Both Coleman and Gusciora expressed support for continuing to use this funding formula.
All three Republicans support replacing it with the Fair School Funding Act. The act, proposed by Sen. Michael Doherty, would allot state aid equally on a per-pupil basis regardless of other factors. According to Kilcommons, a Lawrenceville woman who works in a law firm, this would have the effect of reducing property taxes by 25 to 33 percent.
The Republicans are not in unanimous agreement on all school choice measures, however. Kilcommons supports expanding charter schools and vouchers, while both Yull and Cox see these as temporary measures that should not be the focus of state reform.
Charter schools and vouchers “are interim help, but if institutionalized they will be another example of abandonment of those that can’t help themselves,” said Yull, a retired credit manager of the NJ Department of Transportation who lives in Trenton.
Cox is a financial advisor and former Ewing Township Councilman.
Turner, a career advisor from Lawrenceville, said she supports greater public school choice, but many of the proposed plans for school choice “undermine public education by privatizing our public education system.”
She said she objected to what she sees as a lack of public oversight in charter schools and to the way the proposed voucher program allows corporations to direct their taxes to the voucher program in exchange for tax credits.
A state senator since 1998, Turner sponsored a bill last year that would require a vote of approval from local residents before a charter school could open.
Like Yull and Cox, Gusciora argued that the state must find other ways to address fundamental problems with the education system, describing charter schools and vouchers as “merely a band-aid, rather than a solution.”
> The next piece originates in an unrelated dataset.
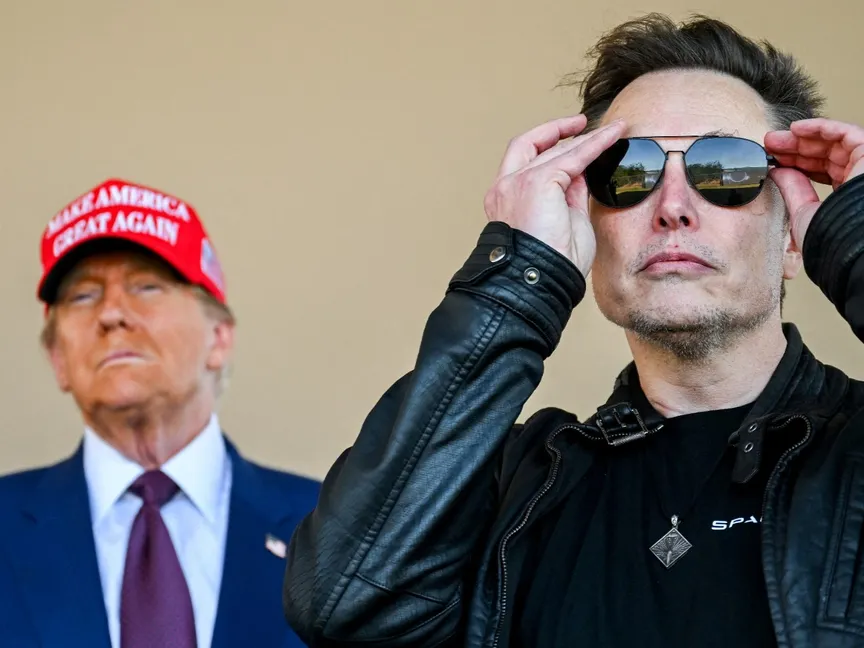 الرئيس الأميركي دونالد ترمب رفقة الملياردير إيلون ماسك يشاهدان إطلاق الرحلة التجريبية السادسة لصاروخ ستارشيب التابع لشركة سبيس إكس في ولاية تكساس الأميركية. 19 نوفمبر 2024 - reuters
All three challengers support Gov. Chris Christie’s master plan for the state’s investment in renewable energy. The revised version of the plan, introduced last June, pushes the state toward a greater dependence on nuclear power and natural gas and scales back its original goals for investing in solar and wind.
Christie’s plan “strikes the right balance,” for the moment, Kilcommons said, arguing that renewable energy would become more popular on its own without government interference. “I’m a fan of renewable energy for its own sake and believe market forces will drive that industry ultimately.”
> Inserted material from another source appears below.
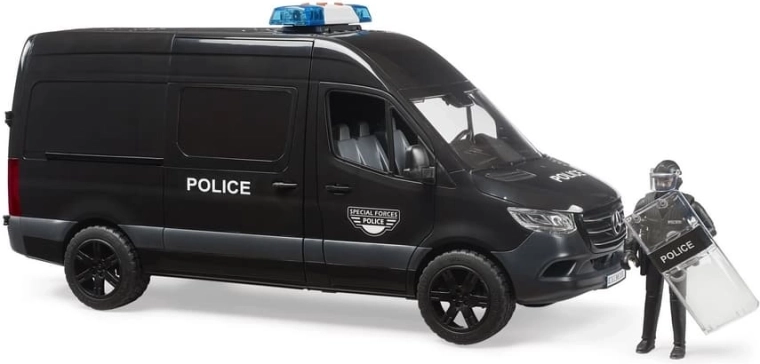 Realistični detajli in policijske oznake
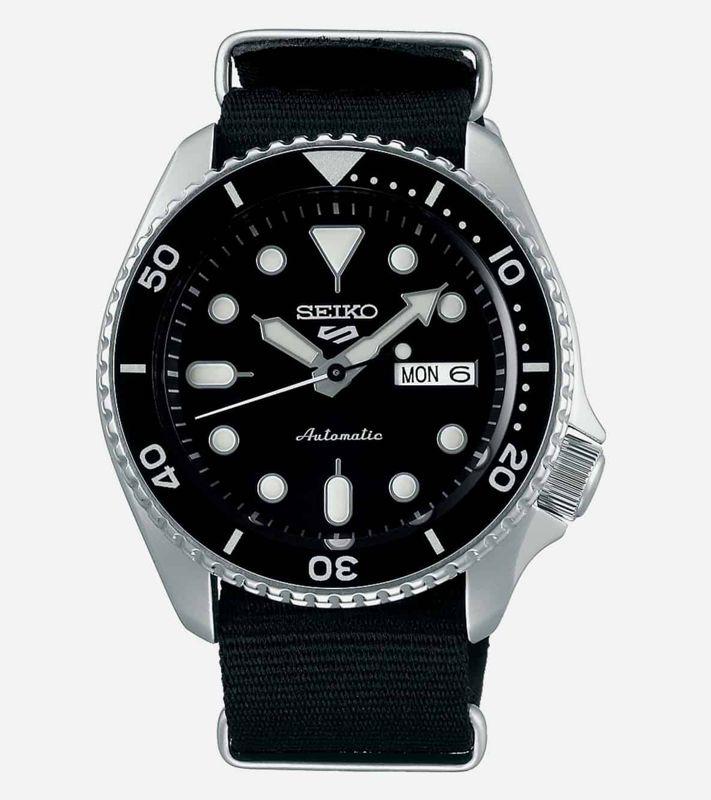 SEIKO WATCH 精工5 Sports黑計分外圈日期星期自動上鍊機械帆布帶腕錶 型號：SRPD55K3【神梭鐘錶】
Both Coleman and Gusciora oppose the governor’s plan for not making a serious enough commitment to clean energy.
Gusciora, an attorney from Trenton who has been in the Assembly since 1996, criticized Christie for pulling New Jersey out of the Regional Greenhouse Gas Initiative program, a regional cap-and-trade program among several Northeastern states. He is currently vice-chair of the Assembly Environment Committee.
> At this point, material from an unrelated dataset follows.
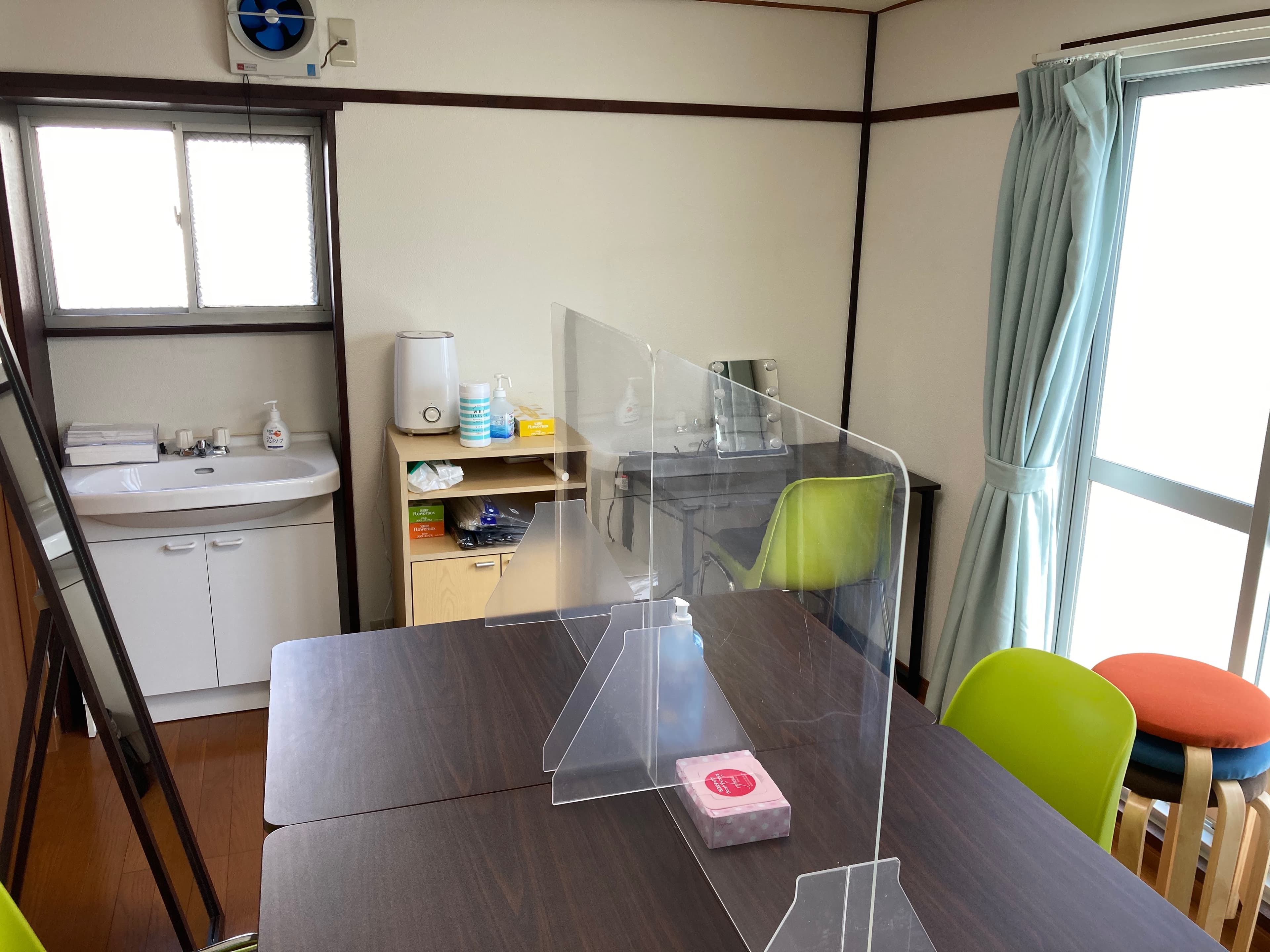 日当たり良好かつ換気扇完備のため、感染症対策はバッチリ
Both he and Coleman criticized Christie for reducing the state’s investment in clean energy from its original goals. Christie’s plan requires 22.5 percent of the state’s energy to come from renewable sources by 2020, lowered from an earlier goal of 30 percent.
Coleman, a certified public manager from Ewing who has served in the Assembly since 1998, said she supports “higher goals for renewable energy” and believes the state should limit its investment to the cleanest energy sources, including wind and solar.
Candidates from both parties agreed on the need to find a way to increase revenues for the Department of Transportation, but differed on what that way would be.
Kilcommons, Yull, and Cox support temporarily imposing a small gasoline tax of a few cents per gallon.
Gusciora and Coleman said they would instead look into raising tolls.
Yull, Cox and Gusciora all expressed strong support for urging municipalities to consolidate and share services in order to reduce property taxes. Rather than pressing for municipal consolidation, Coleman would seek to reinstate the state aid and property tax rebates for schools, cities, and towns that were cut from the state budget in 2010.